As in, is it somehow different when the copy that gets transmitted to the user's computer is encoded images of the pages instead of encoded text of the pages? No. You are using the word 'view' to describe receiving a copy. Again: It doesn't matter whether the UX presents it as a copy. The data factually is copied, and that's all that matters.
The copy is something that "fixes" the work permanently. The device I am describing is not "fixing" anything in a tangible medium.

Replace Internet with a video cable, and the device with a CRT TV. No copy is produced in this case.

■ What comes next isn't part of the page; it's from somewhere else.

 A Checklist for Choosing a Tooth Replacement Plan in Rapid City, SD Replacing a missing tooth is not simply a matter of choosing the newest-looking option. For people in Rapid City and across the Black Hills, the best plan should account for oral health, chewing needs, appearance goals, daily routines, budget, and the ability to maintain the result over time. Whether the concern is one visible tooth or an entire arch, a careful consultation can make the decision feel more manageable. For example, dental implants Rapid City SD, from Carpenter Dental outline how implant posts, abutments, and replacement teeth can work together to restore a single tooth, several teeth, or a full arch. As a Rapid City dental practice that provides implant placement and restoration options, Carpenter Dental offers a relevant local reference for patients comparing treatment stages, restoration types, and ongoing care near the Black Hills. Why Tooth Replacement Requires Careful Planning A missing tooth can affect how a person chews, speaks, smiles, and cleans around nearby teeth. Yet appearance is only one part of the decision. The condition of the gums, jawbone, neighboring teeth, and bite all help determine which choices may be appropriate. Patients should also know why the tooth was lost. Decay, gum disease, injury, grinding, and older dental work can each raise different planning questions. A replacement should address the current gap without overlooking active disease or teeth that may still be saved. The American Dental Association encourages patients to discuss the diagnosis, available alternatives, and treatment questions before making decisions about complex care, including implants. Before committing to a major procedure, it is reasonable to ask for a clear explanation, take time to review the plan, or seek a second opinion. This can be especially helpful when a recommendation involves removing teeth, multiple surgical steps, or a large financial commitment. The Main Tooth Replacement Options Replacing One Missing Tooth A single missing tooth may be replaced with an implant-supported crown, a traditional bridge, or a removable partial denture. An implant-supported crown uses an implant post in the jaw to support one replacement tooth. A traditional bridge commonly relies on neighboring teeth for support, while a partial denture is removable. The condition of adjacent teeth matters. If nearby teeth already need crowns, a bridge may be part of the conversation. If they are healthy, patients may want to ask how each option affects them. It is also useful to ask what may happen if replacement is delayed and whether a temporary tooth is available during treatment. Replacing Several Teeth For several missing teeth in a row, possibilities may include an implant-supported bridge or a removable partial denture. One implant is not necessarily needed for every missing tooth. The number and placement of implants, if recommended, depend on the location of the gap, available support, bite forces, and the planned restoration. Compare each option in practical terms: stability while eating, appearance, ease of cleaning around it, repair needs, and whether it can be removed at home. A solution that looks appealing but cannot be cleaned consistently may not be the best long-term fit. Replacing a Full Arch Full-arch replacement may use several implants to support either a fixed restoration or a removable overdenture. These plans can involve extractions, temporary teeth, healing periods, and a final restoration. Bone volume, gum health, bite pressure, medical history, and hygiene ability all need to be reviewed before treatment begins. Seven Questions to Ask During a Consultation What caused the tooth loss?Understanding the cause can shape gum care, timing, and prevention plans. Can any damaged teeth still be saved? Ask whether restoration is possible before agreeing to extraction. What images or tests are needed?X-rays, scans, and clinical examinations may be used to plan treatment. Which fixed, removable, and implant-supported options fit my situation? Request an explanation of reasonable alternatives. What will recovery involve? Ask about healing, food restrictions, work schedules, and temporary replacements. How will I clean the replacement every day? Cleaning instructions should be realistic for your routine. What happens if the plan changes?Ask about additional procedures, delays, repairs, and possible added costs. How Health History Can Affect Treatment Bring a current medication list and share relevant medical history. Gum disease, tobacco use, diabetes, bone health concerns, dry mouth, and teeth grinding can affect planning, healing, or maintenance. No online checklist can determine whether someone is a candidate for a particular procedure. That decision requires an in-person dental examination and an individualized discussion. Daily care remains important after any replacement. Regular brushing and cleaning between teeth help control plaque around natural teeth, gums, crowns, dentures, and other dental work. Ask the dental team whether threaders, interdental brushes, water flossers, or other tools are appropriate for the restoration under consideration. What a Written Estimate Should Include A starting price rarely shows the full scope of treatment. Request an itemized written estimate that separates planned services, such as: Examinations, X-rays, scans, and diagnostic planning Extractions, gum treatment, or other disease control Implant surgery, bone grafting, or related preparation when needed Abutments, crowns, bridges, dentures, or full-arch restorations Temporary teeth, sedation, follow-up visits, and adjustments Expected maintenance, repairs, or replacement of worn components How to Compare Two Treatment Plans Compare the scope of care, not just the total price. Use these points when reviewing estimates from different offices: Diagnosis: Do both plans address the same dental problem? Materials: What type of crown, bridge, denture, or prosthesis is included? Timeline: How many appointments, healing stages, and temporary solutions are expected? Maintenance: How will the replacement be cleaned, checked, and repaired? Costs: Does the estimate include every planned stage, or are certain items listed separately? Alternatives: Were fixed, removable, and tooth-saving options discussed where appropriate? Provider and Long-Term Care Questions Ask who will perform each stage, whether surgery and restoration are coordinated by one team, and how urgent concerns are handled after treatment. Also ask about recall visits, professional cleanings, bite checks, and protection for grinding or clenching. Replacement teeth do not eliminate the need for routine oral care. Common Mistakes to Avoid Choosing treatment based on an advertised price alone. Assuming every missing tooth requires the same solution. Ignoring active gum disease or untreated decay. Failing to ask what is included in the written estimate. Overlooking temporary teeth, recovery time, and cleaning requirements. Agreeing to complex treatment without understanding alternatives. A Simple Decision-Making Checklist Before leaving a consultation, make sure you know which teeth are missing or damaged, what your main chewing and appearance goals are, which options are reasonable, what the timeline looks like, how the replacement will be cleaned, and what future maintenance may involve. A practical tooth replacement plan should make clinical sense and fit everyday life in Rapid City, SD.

This is true. If the copy is only "transitory", it does not count.
That hypothetical device does not exist, it's not relevant here.
A live camera feed and IA's page turner exists. Would live streaming the feed work?
No, that's making a copy. Several copies, really, and distributing at least one of them.
How about I use a mirror and a lens and fancy fiber optics to do the same thing with no computer involved?
It does exist, it's called FPV arm robot. Drive around the library, take books from shelves, open them, turn pages, read.

Would be curious to try this because the "ebooks don't wear" argument won't apply.

There was a company that allowed customers to rent DVD players, robotically inserted disks into them and transmitted their video output over the internet.

This was ruled illegal.

The letter of the law isn't the real law; the real law is that you must pay money to large media corporations or else. We now have two instances.

That doesn't solve the fact that the robot can't do the reading for the user. It takes a picture (makes a copy of the page), then sends a copy of that data to some remote user (distributes an infringing copy).